The Protocol would add new paragraphs to Article 7 to allow for 
temporary surrender to the requesting state for prosecution, 
even if the individual has not completed his sentence in the 
requested state. These type of temporary surrender provisions 
are common to modern extradition treaties. They allow for 
prosecution of the offense closer in time to its commission, 
which advances the objective of securing justice. Long delays 
in commencing trial also raises the danger that witnesses will 
be unavailable, or that witnesses' memories will fade with the 
passage of time.
    Second, the Protocol provides for simplified authentication 
requirements with respect to requests from the United States. 
This takes advantage of changes in Canadian law regarding the 
admissibility of extradition documents in Canadian courts. 
Under Article 10(2) of the current Treaty, documentary evidence 
in support of a request for extradition must be authenticated 
by an officer of the Department of Justice of Canada and 
certified by the principal diplomatic or consular officer of 
the United States in Canada (in the case of a request emanating 
from Canada) or must be authenticated by an officer of the 
Department of State of the United States and certified by the 
principal diplomatic or consular officer of Canada in the 
United States (in the case of a request emanating from the 
United States). Article 2 of the Protocol allows requests 
emanating from the United States to follow a simplified 
procedure, requiring only that evidence be certified by a 
judicial, prosecuting or correctional authority.
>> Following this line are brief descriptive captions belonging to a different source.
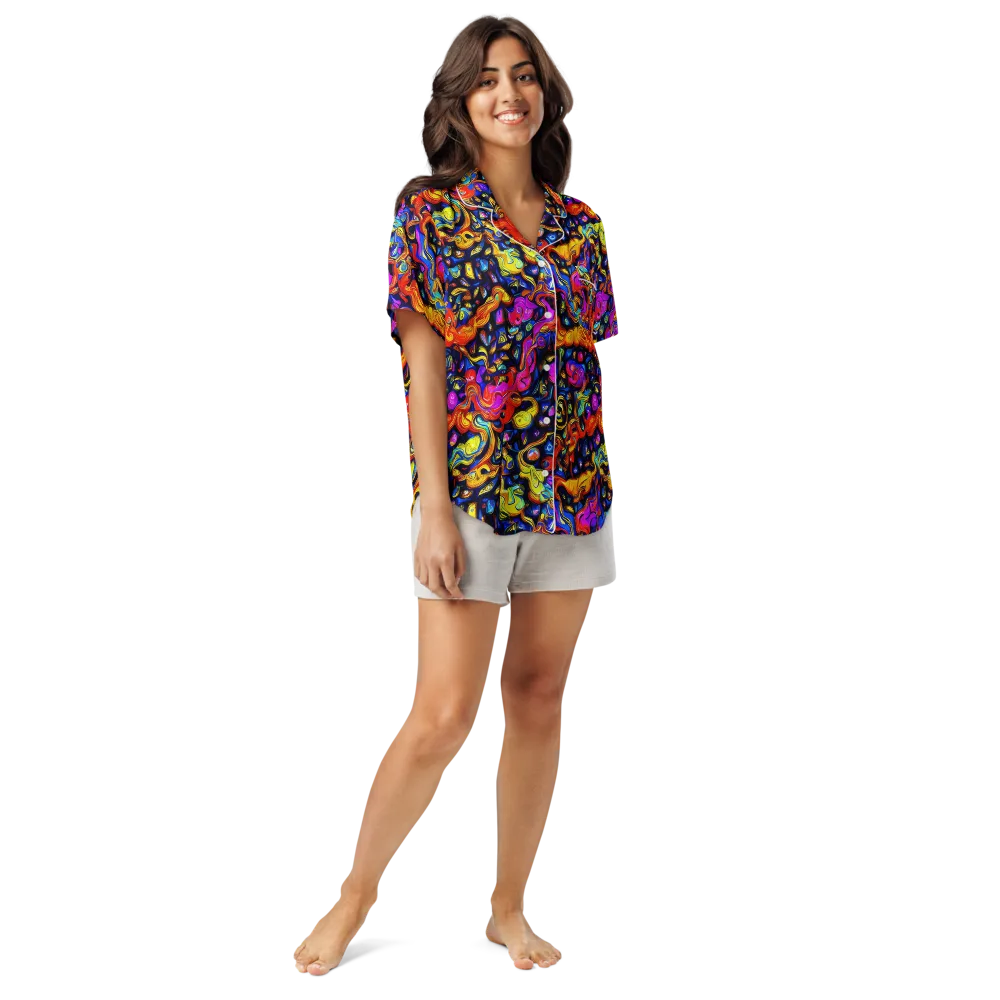 Cosmic Colorquake on Women's Short Sleeve Pajama Top — Front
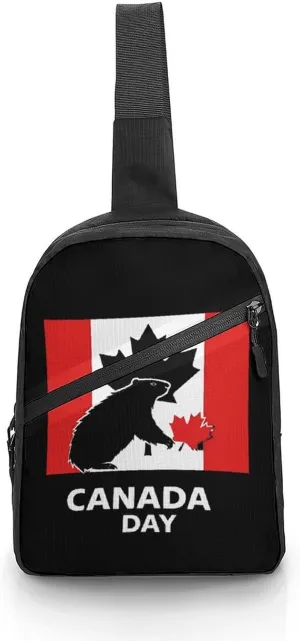Groundhog And Maple Canada Day Foldable Crossbody Sling Bags Shoulder Backpack Chest DayPack Handbag
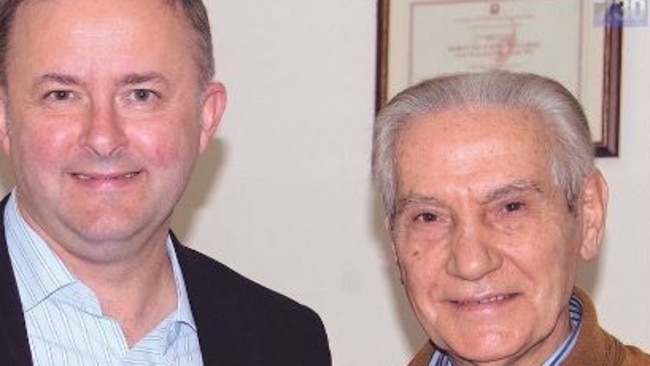 Still from ABC 730 of a photograph featuring Anthony Albanese with his father Carlo. Picture: Lisa Golden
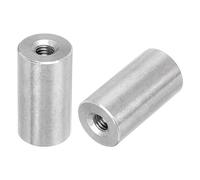 QUARKZMAN 5pcs M6 Rond Connecteur Écrous, 304 Inox Acier Accouplement Écrou 30mm/1.2" Longueur Manchon Tige Barre Goujon Écrou pour Support, M6x30x16mm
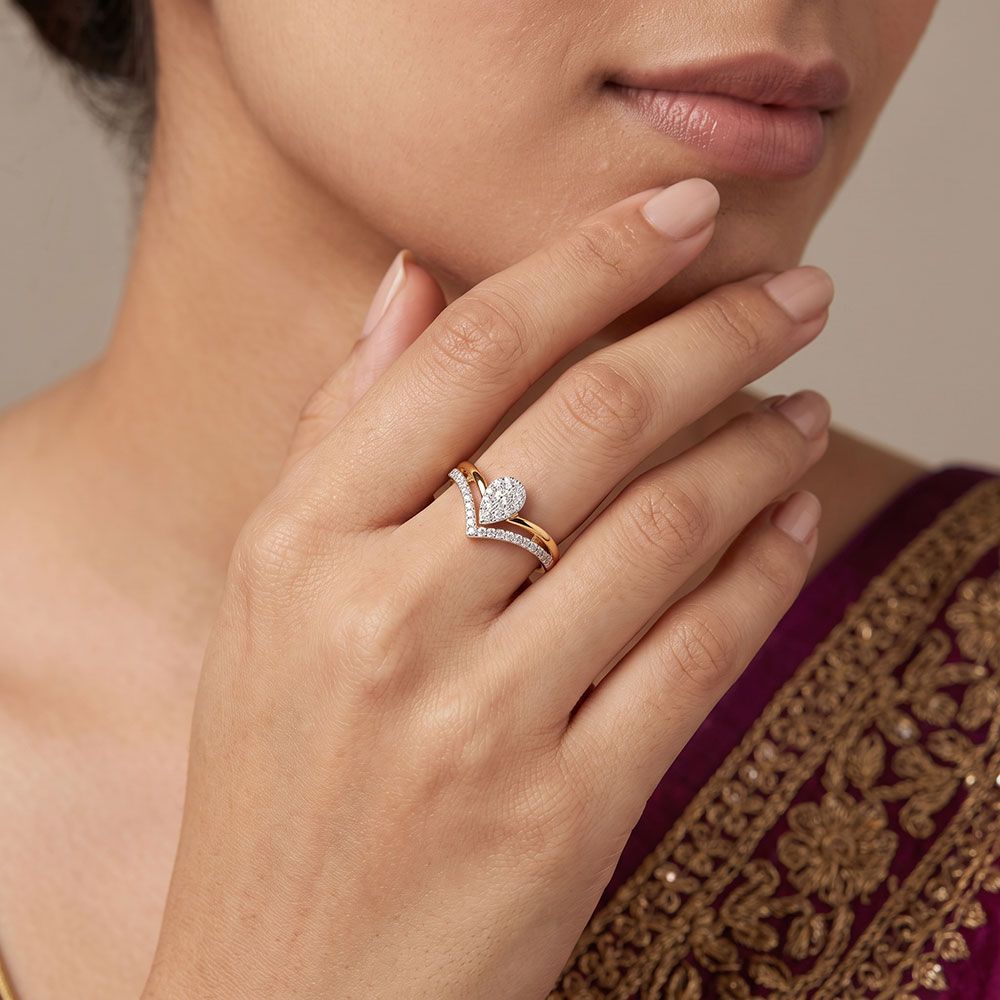 Striking Elegance 14Kt Rose Gold Diamond Vanki Ring-Rings-ERG26L12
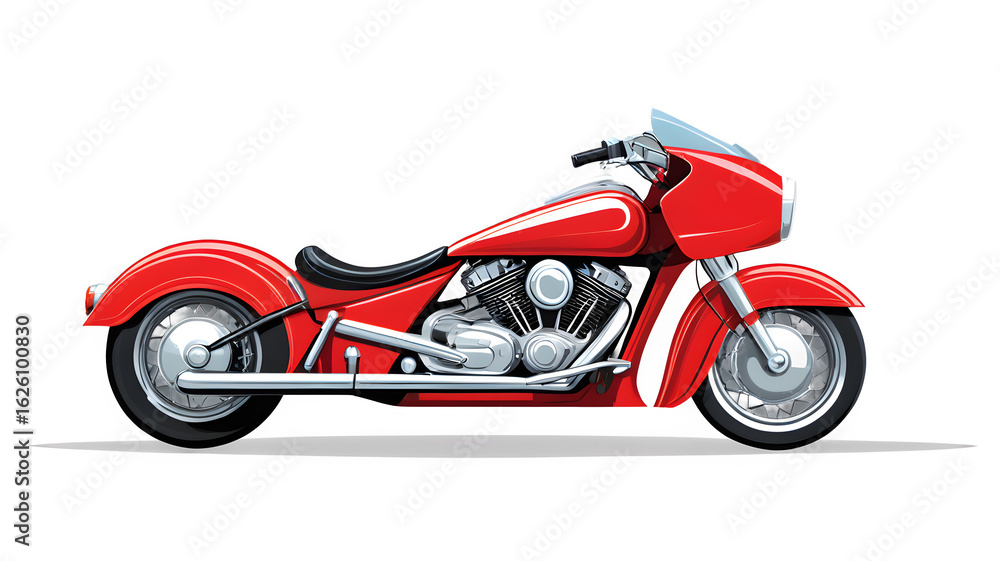 Fototapeta premium Red modern motorcycle PNG side view isolated on transparent background symbolizing speed, adventure, sports bike, transportation, and travel lifestyle in realistic design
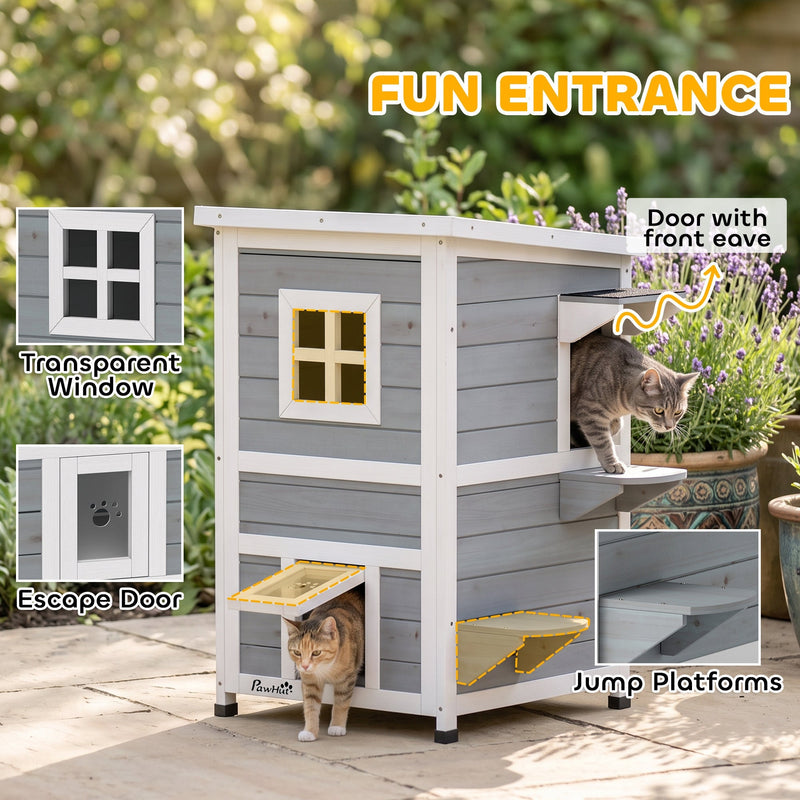 Labelled graphic showing the transparent window, escape door and jump platforms on the cat house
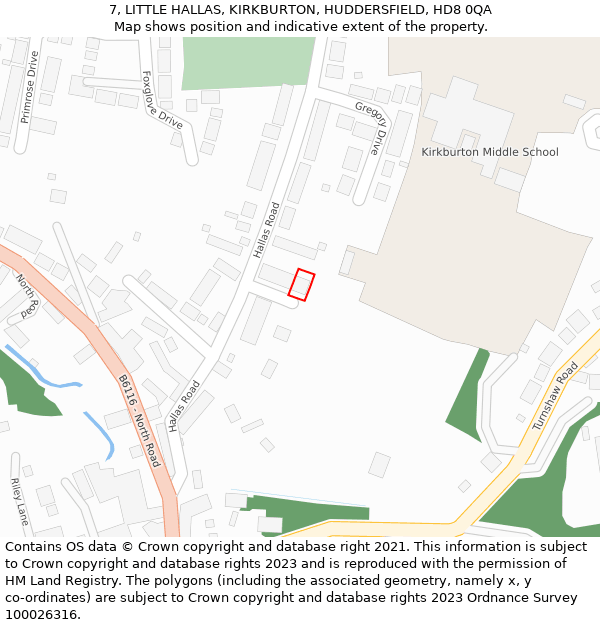7, LITTLE HALLAS, KIRKBURTON, HUDDERSFIELD, HD8 0QA: Location map and indicative extent of plot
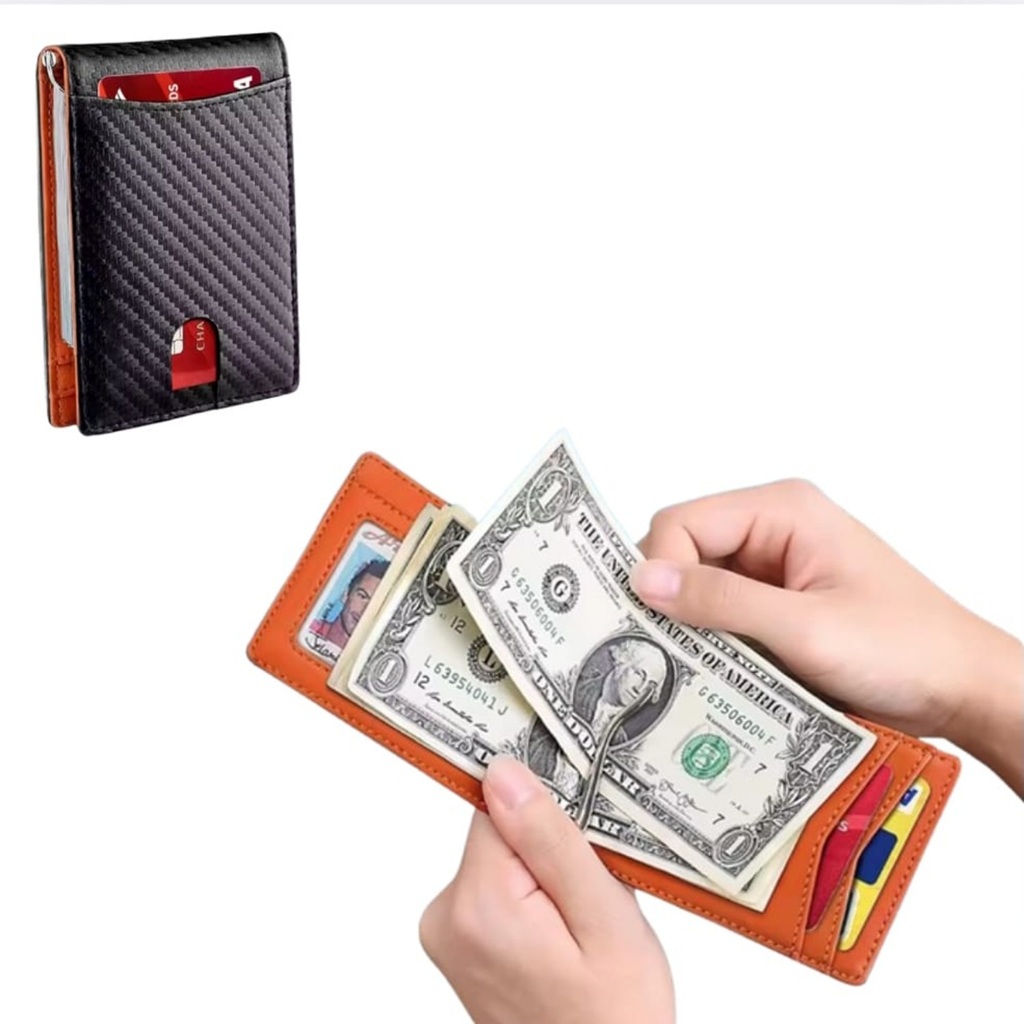 Carteira Masculina Preta Antifurto Fibra de Carbono Porta-Cartões Tripla com Grampo para Cédulas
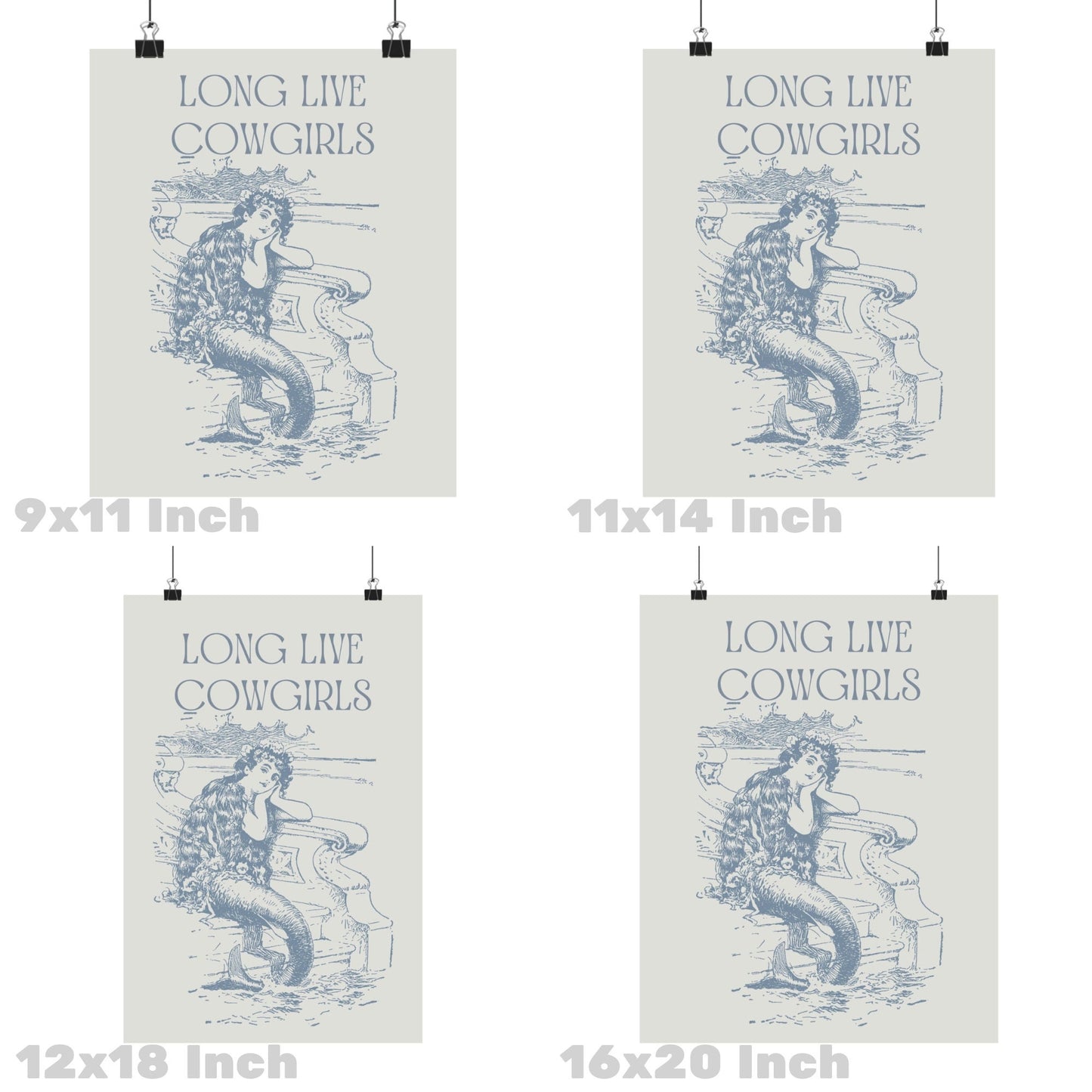 Coastal Blue Mermaid Cowgirl Poster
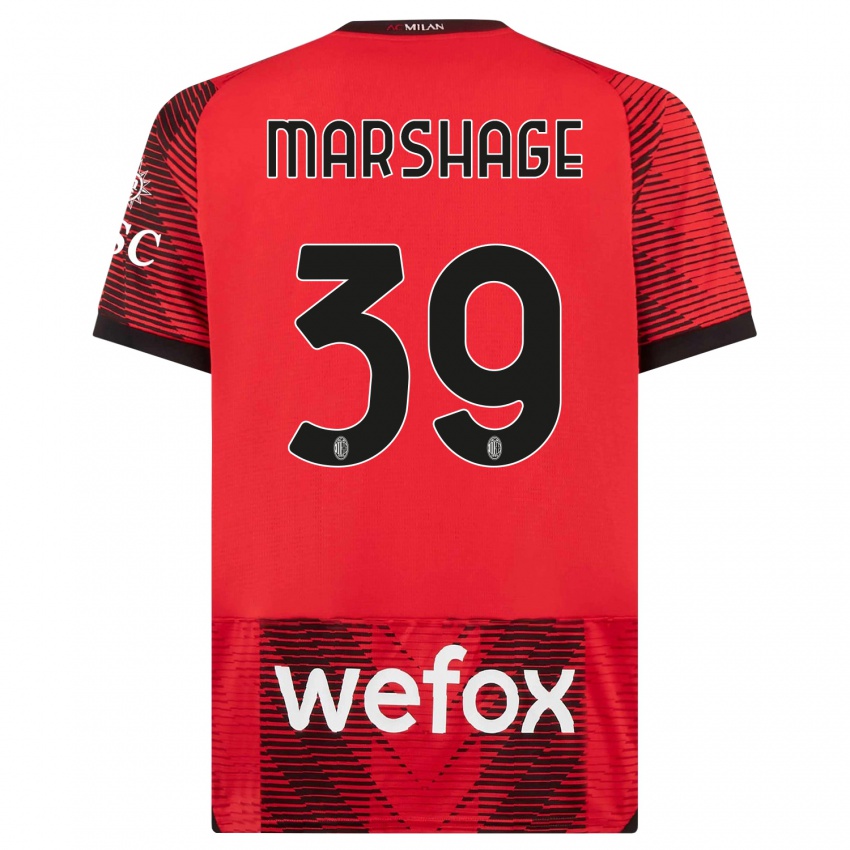 Niño Camiseta Wilgot Marshage #39 Negro Rojo 1ª Equipación 2023/24 La Camisa México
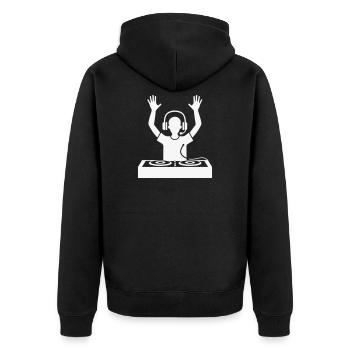 DJ Silhouette mit Kopfhörern - Unisex Premium Bio Zip Hoodie - Schwarz - Hinten - Nico (187cm)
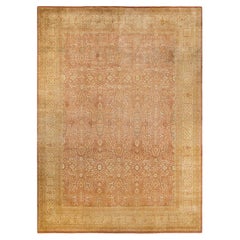 One of a Kind Hand Knotted Traditional Oriental Mogul Orange Area Rug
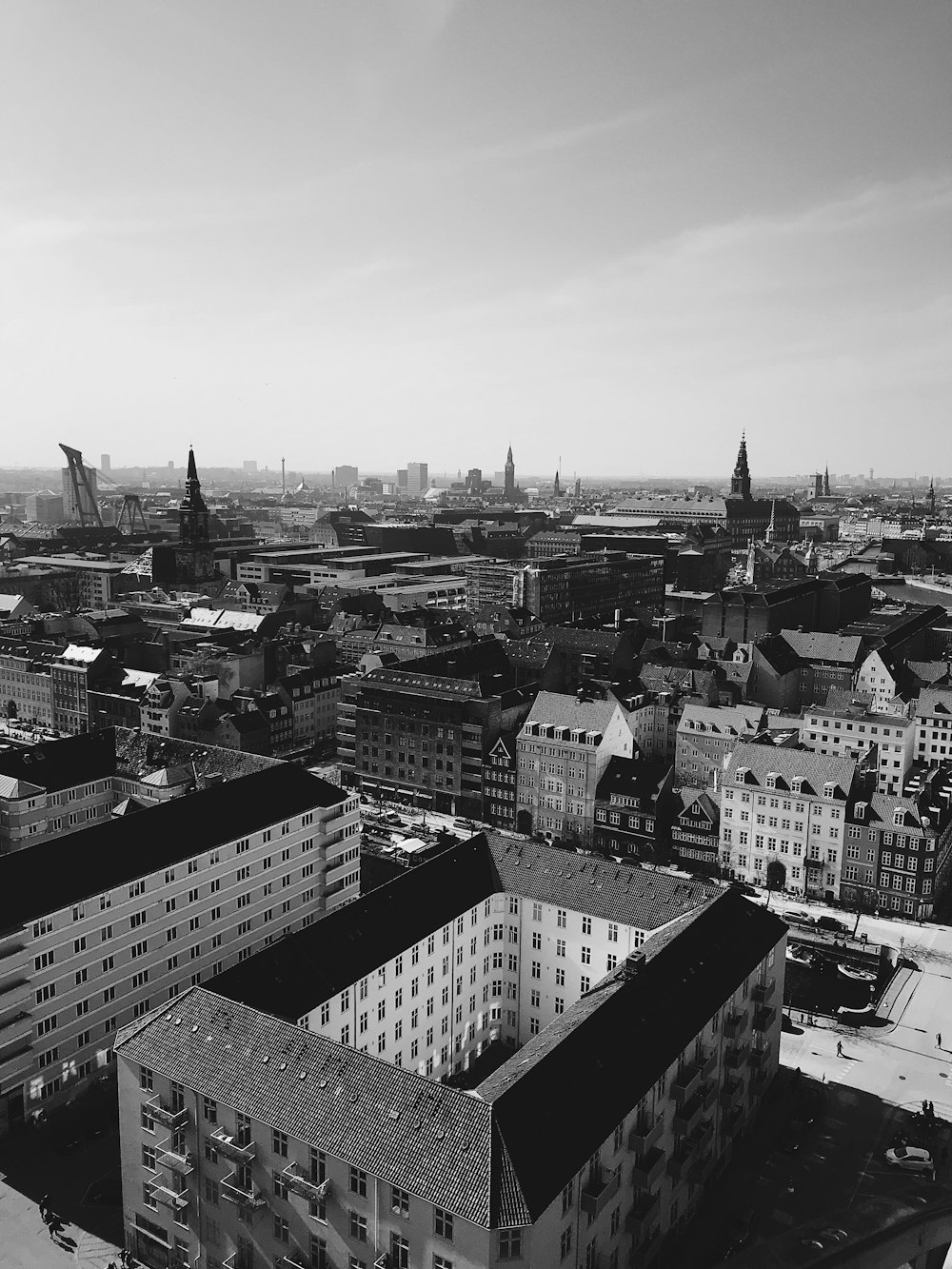 a black and white photo of a city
The Protocol 
also provides a flexible means to take advantage of any future 
changes in applicable laws in either country. New Article 
(10)(2)(c) (added by Article 2) would allow admission of 
evidence which is ``certified or authenticated in any other 
manner accepted by the law of the requested State.''

                 III. Entry into Force and Termination

    Under Article 3, the Protocol enters into force upon the 
exchange of instruments of ratification. It terminates upon 
termination of the underlying Extradition Treaty.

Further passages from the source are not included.